What you are asked to do: Your copy should hold every record verbatim and none of the pictures.

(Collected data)
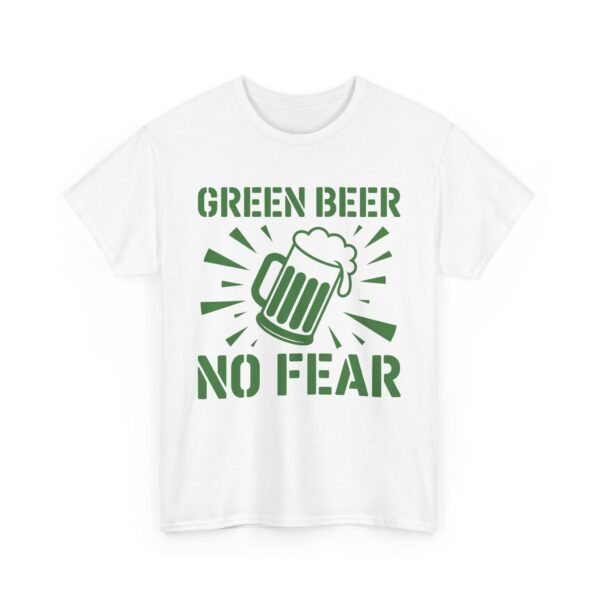 Green Beer No Fear Funny St Patrick’s Day Drinking Humor Unisex Heavy Cotton Tee - Image 2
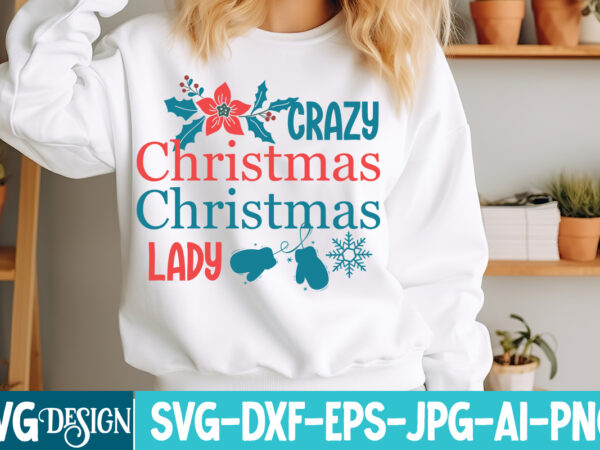 Crazy christmas lady t-shirt design, crazy christmas lady vector t-shirt design, christmas svg design, christmas tree bundle, christmas svg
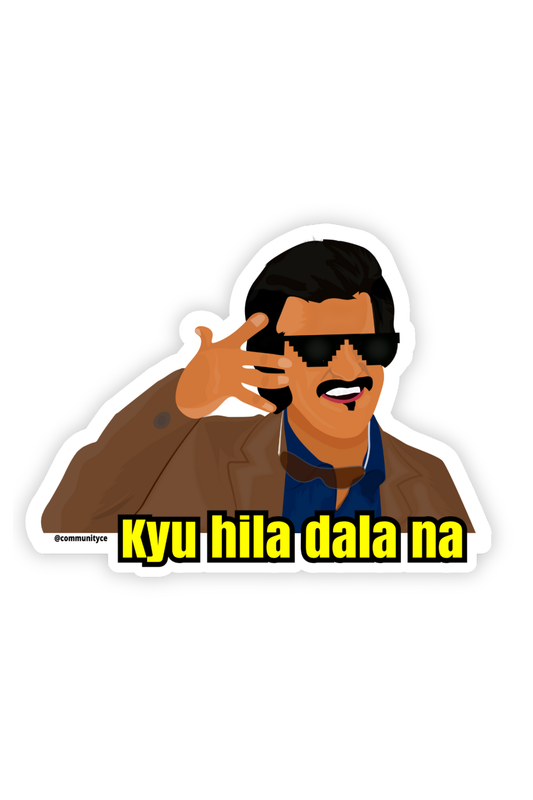 Hila Dala Na - Shivaji The Boss Stickers | Meme Sticker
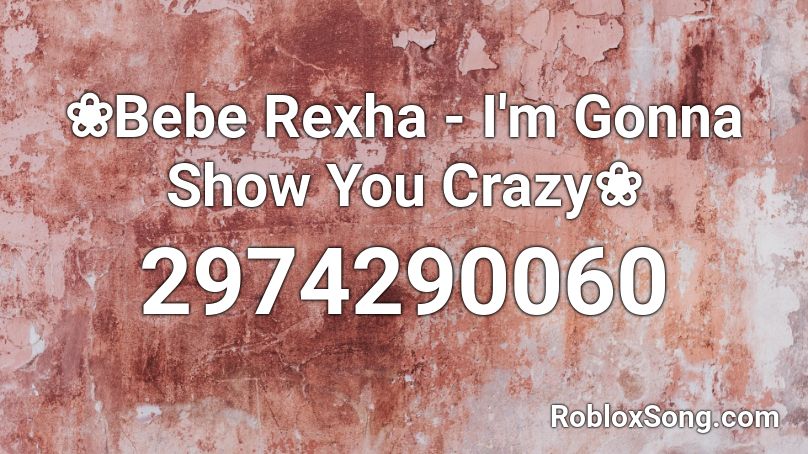 ❀Bebe Rexha - I'm Gonna Show You Crazy❀ Roblox ID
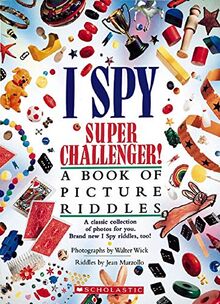 I Spy Super Challenger!: A Book of Picture Riddles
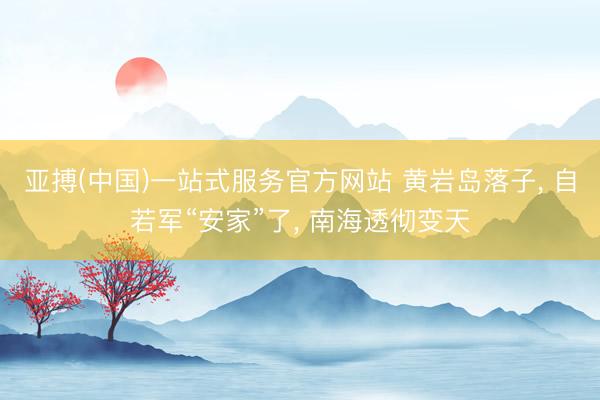 亚搏(中国)一站式服务官方网站 黄岩岛落子， 自若军“安家”了， 南海透彻变天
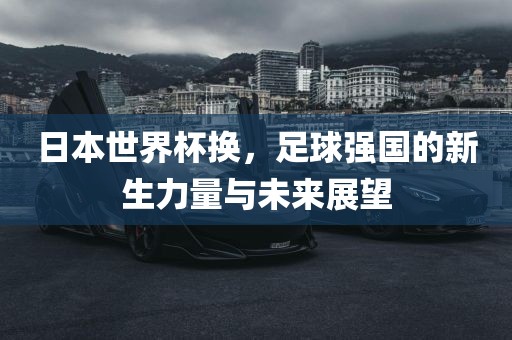 日本世界杯换，足球强国的新生力量与未来展望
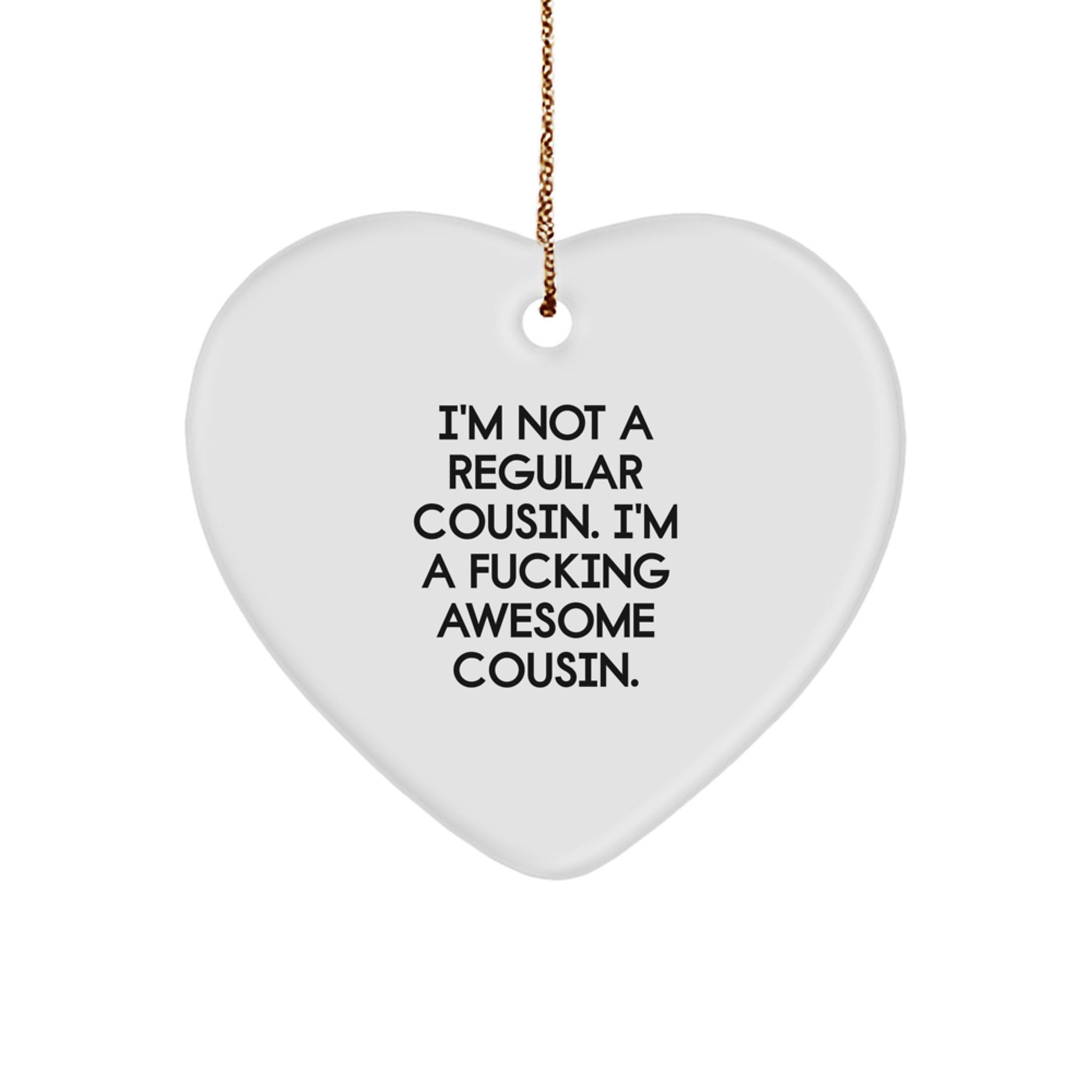 Funny Cousin Gifts from Men, Unique Heart Ornament for Christmas Unique Gifts, I'm Not A 'Regular' Cousin. I'm A F--king Awesome Cousin. - Image 1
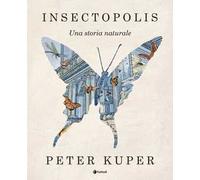 Insectopolis. Una storia naturale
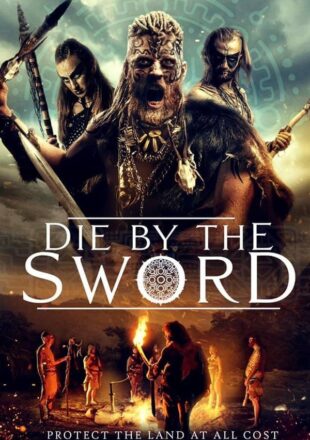 Die by the Sword 2020 Dual Audio Hindi-English 480p 720p 1080p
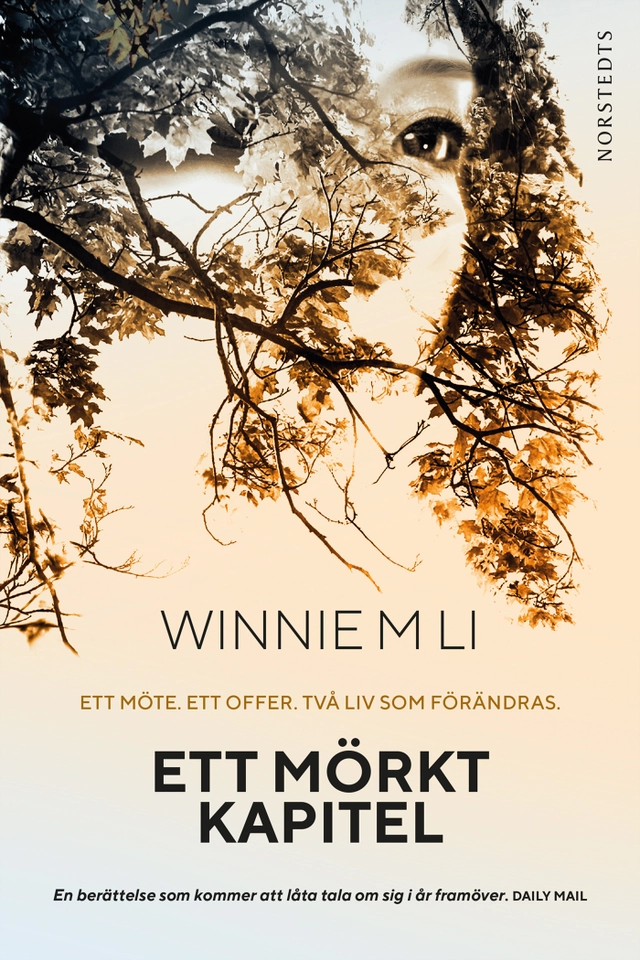 Ett mörkt kapitel; Winnie M. Li; 2018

Output:
 Green Beer No Fear Funny St Patrick’s Day Drinking Humor Unisex Heavy Cotton Tee - Image 2
 Crazy christmas lady t-shirt design, crazy christmas lady vector t-shirt design, christmas svg design, christmas tree bundle, christmas svg
 Hila Dala Na - Shivaji The Boss Stickers | Meme Sticker
 ❀Bebe Rexha - I'm Gonna Show You Crazy❀ Roblox ID
 I Spy Super Challenger!: A Book of Picture Riddles
 亚搏(中国)一站式服务官方网站 黄岩岛落子， 自若军“安家”了， 南海透彻变天
 日本世界杯换，足球强国的新生力量与未来展望
 Funny Cousin Gifts from Men, Unique Heart Ornament for Christmas Unique Gifts, I'm Not A 'Regular' Cousin. I'm A F--king Awesome Cousin. - Image 1
 Insectopolis. Una storia naturale
 Die by the Sword 2020 Dual Audio Hindi-English 480p 720p 1080p
 Ett mörkt kapitel; Winnie M. Li; 2018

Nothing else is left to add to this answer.